The following are example masks, each associated with a different
multi-threaded mode of operation. For dual-threaded mode of
operation, the mask may be 010000000, where the thread identifiers
for the mode are 0 and 2 (00, and 10). For quad-threaded mode of
operation, the mask may be 011000000.
[0046] Applying the mask may include performing a bitwise AND
operation between the mask and the ITAG. In the example of FIG. 5,
the ITAG is, 110001111, the processor is in a quad thread mode of
operation, and the mask is 011000000. Performing a bitwise AND
operation between the mask and ITAG results in a bit string of
010000000. Bits 1,2 of the bit string represent a thread identifier
of 10, that is, a thread ID of 2.
[0047] Another bitwise operation that may be performed on an ITAG
is the incrementing of an ITAG. For purposes of explanation, the
following pseudo-VHDL (Very High Speed Integrated Circuit Hardware
Description Language):
TABLE-US-00001 itag_smt_mask(0 to 8) <= `0` & smt_mask(0 to
1) & "000000"; itag_plus1_raw(0 to 8) <= (itag_smt_mask(0 to
8) or itag_q(0 to 8)) + "000000001"; itag_plus1(0) <=
itag_plus1_raw(0); itag_plus1(1 to 2) <= ((itag_plus1_raw(1 to
2) and not smt_mask(0 to 1)) or (itag_q(1 to 2) and smt_mask(0 to
1))); itag_plus1(3 to 8) <= itag_plus1_raw(3 to 8);
[0048] In the above pseudo-VHDL, that `itag_smt_mask` is nine bits
in length and is assigned the value of: 0 concatenated with an
smt_mask of two bits followed by six zeros.
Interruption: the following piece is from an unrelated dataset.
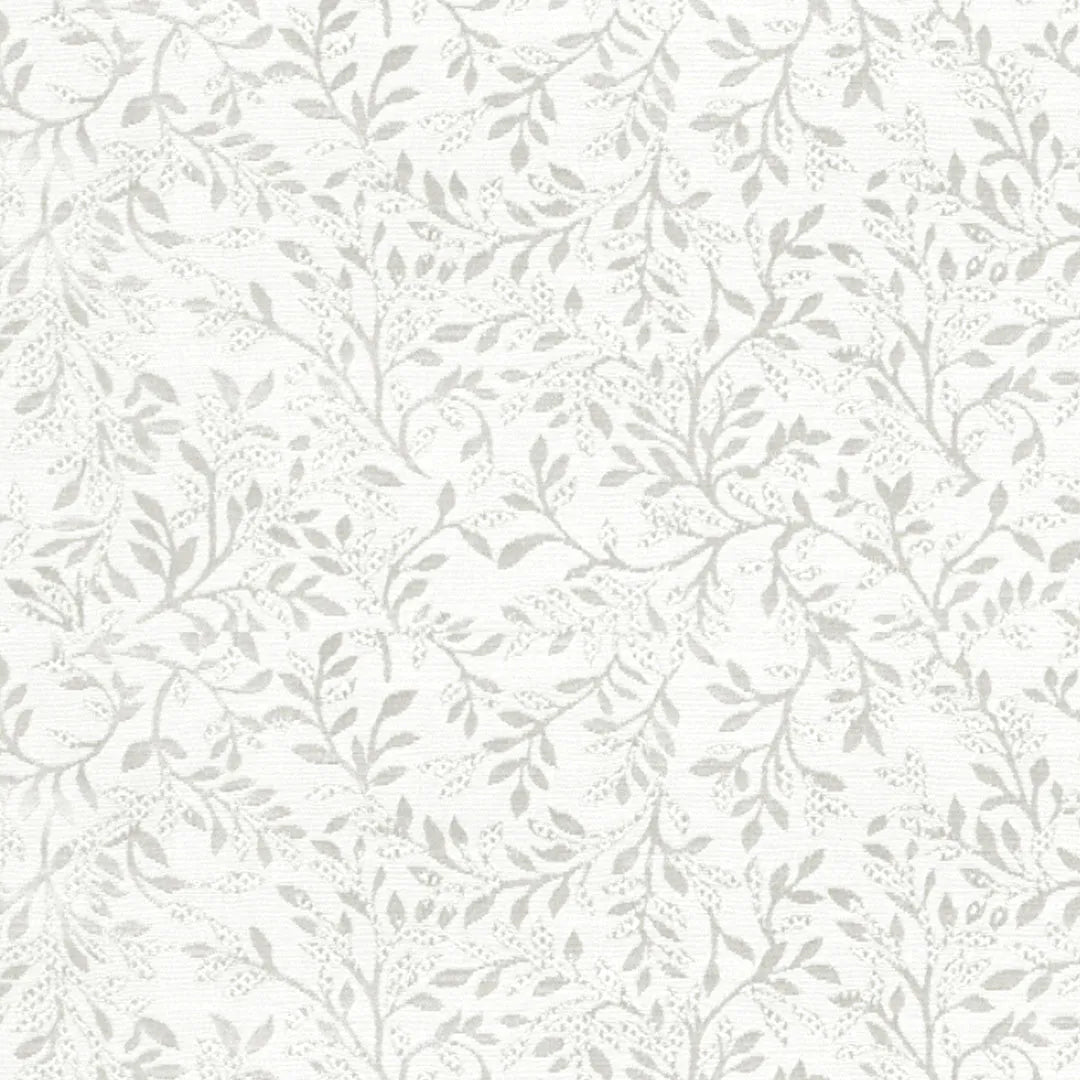 Small Leaf Design Curtain - White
As mentioned above, in
a single thread mode of operation, the smt_mask is 00, in a dual
thread mode of operation, the smt_mask is 10, and in a quad-thread
mode the smt_mask is 11. As an example, in a dual thread mode of
operation, the itag_smt_mask is 010000000.
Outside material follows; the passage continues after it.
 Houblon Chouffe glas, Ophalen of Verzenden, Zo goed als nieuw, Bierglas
[0049] The pseudo-VHDL also includes itag_plus1_raw which is nine
bits in length and assigned the value of: one plus the value of a
bitwise OR of the itag_smt_mask and itag_q, where itag_q is the
present value of the ITAG, prior to incrementing the ITAG. The
itag_q is nine bits in length, where the first bit is a wrap bit,
the second and third bits are the thread identifier if the
processor is configured in a multi-thread mode of operation, and
the remaining bits are the present index value. Consider, for
example, that the itag_q is 010110100 and the processor is
configured in a dual-thread mode of operation. In this example, the
wrap bit is 0, the thread identifier is a binary 10 (two in
decimal), and the index portion represents a decimal value of 52
(binary value of 110100). The bitwise or operation of the itag_q
and itag_smt_mask (which in a dual thread is 010000000) results in
a bit string of 010110100. Adding one to the bit string results in
a value of 010110101. That is, the itag_plus1_raw bit string is
010110101.
[0050] The pseudo-VHDL above also includes assigning to the first
bit of an itag_plus1 bit string, the first bit of the
itag_plus1_raw bit string. In this way, the itag_plus1 bit string
includes the wrap bit of the current ITAG value.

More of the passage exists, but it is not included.